ライン川沿岸ののどかな風景を彷彿とさせる。
第3 楽章
木管楽器の優しくあたたかな主題で始まり、付点リズムで上下する音型と優美な旋律が交錯する。全楽章の間奏曲のような位置付け。
第4 楽章
ホルンとこの楽章で初めて登場したトロンボーンによる主題により第1 部が始まる。多声部にテーマが出てくるため、大聖堂に響き渡るような宗教的な雰囲気がある。第2 部では主題がカノン風に扱われ派生音型が展開される。第3 部は一層壮麗になり、弦のトレモロにのって主題が壮大に復帰し、オルガン風の和声が響くうちに終結する。
第5 楽章
ソナタ形式による晴朗な楽章。

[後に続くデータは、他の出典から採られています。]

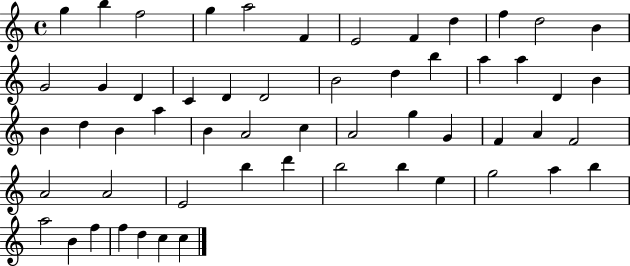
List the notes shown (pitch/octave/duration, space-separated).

G5/q B5/q F5/h G5/q A5/h F4/q E4/h F4/q D5/q F5/q D5/h B4/q G4/h G4/q D4/q C4/q D4/q D4/h B4/h D5/q B5/q A5/q A5/q D4/q B4/q B4/q D5/q B4/q A5/q B4/q A4/h C5/q A4/h G5/q G4/q F4/q A4/q F4/h A4/h A4/h E4/h B5/q D6/q B5/h B5/q E5/q G5/h A5/q B5/q A5/h B4/q F5/q F5/q D5/q C5/q C5/q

明快な低音部の動きに乗って秋の収穫祭を思わせる主題から始まり、ところどころに響く金管楽器などのファンファーレが祝祭的な気分を盛り上げる。第2 主題は控えめで、展開部に第4 楽章の主題が加わって総合されていく。ホルンによる上昇音型が現れて高潮し、再現部となる。ファンファーレが出てきた後、テンポアップしてコーダに入り、輝かしくも賑やかに終盤を迎える。